I get off the crutches Tuesday into a walking cast....gonna get back into my cardio routine and get ready for that last set of after pics I said I would post.

----------


## David B.

> _Originally posted by majorpecs_ 
> *....huge loads have been forthcoming also, my wife is like wtf..hehehe....*


Ugh, thanks for sharing...

--dnb

----------


## redrumkev

> _Originally posted by David B._ 
> *
> 
> Ugh, thanks for sharing...
> 
> --dnb*


LOL.... I think there is a differnet forum for that...  :Big Grin:  

Glad all is good. Sorry about the leg. Wow - this is something you will remember for a long time. All your pictures over the next few years will reflect your hard work as I think you are hooked. not just on AAS but on the healthy lifestyle and the constant drive to improve your health, body, mind, and have fun will doing it. That what I am hooked on. It is something to do and it is fun and benifits me all around. I am a happier person and hell - I could be spending my money and time on a lot of other worthless things. Atleast the time/money/energy benifits me. I am going to miss this thread - looked forward to seeing your progress. Good luck in the future!

----------


## BIG TEXAN

Well Major....it's been fun logging on here damn near everyday to see how your journey is going. Now I'm on my new journey and hope to keep a journal as good as yours. I'm glad to hear you're back in the gym and soon that leg of yours will be back 100% and thing's will get better.

----------


## majorpecs

Thanks guys.....and I do plan on keeping another journal of my next cycle that I plan on starting in August or September....next journal will be even better!!

----------


## Foxy Sphinx

> _Originally posted by redrumkev_ 
> *clomid made me cry - I used it post cycle for the 1st time this dec/jan and say Maid in Manhattan - and couldn't stop crying - I was like why - why didn't he take her back in the middle of it. And you know what - I didn't even want to watch it to begin with and I got all wrapped up in that movie - emotionally. I hate clomid - but it worked - atrophy went away in a few weeks - just kinda sucks being down/emotional most of the time.*


LMAO aww poor bastard. Was that in the movie theatre? LOL Could get alotta chicks crying infront of them!

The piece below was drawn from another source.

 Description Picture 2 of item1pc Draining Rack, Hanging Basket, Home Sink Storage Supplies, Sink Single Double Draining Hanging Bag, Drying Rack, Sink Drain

Clomids emotional aspects got me so intrigued, being an aspiring actor... I could only imagine the beneficial new emotional lvl I could acheive on a 1 gram dose of clomid LOL I already cry if I step on a bug and thats without clomid.

----------


## majorpecs

> _Originally posted by Foxy Sphinx_ 
> *
> 
> LMAO aww poor bastard. Was that in the movie theatre? LOL Could get alotta chicks crying infront of them!
> 
> Clomids emotional aspects got me so intrigued, being an aspiring actor... I could only imagine the beneficial new emotional lvl I could acheive on a 1 gram dose of clomid LOL I already cry if I step on a bug and thats without clomid.*


now that's a use for clomid i haven't thought about yet.....hehehe....

----------


## Foxy Sphinx

Ya its a use ive been pondering for some time Major. Id like to use it for auditions cause thats when its tuffest, when ur in compeititon with dozens if not hundreads or thousands of others, you gotta be able to deliver every ounce of emotion you can, they ask you to cry on spot, you gotta be able to do it in 5 seconds flat or your outta there!

----------


## BlocRoc

Damn

Just finished reading the WHOLE THREAD....WHoa!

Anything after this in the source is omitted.